Nov 09 2017 Published by under industry, life in the office, personal posts

My main reason to leave academia was the short contract I was on, in combination with the difficulty to get funding in order to sustain myself in academia. I wanted stability and be able to think about projects longer than just the year I had funding for. So I left for a position in industry.

However, shortly after I joined the company that I work for, there were rumors that our part of the company would be sold. If that were to happen, it was very unclear what would happen to the employees: would we be asked to move elsewhere, would we be fired? Fortunately that did not happen, but it did reinforce the notion that industry is not synonymous with stability.

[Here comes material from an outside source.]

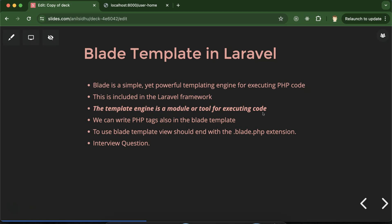You can also ask how these template engines are faster than normal execution. The blade template engine in Laravel actually caches the code. Whenever we are executing code once, it will keep it in the cache, and the next time whenever we are executing it, due to that cache, it will be a little bit faster. I'll show you this while we are writing the code. The syntax of blade template is far easier than the PHP syntax.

And then at the beginning of this year I started an assignment that was supposed to last for six months. Currently, we're near the end of the year and I am still in that assignment. I enjoy it and people around me value what I do. It does however, lead to a whole bunch of uncertainty about what will be next: can I stay in the assignment (which I would like), or do I go back to my actual job? It made me realize all the more that there is uncertainty and change everywhere.

I do feel that I am much better equipped now then when I was a post-doc to deal with change. I know much better what I am good at because people give more feedback here than in academia, and I trust that there will be a job that I like somewhere for me. And it really helps that I have a permanent contract here that is not dependent on whether I find funding to sustain myself.

Most importantly, inside I went from feeling like a tiny boat that could be knocked over by change...

.... to a much more stable rock that stays stable among change, on most days. On other days I REALLY wish I knew what I am going to be doing next year and what I can look forward to.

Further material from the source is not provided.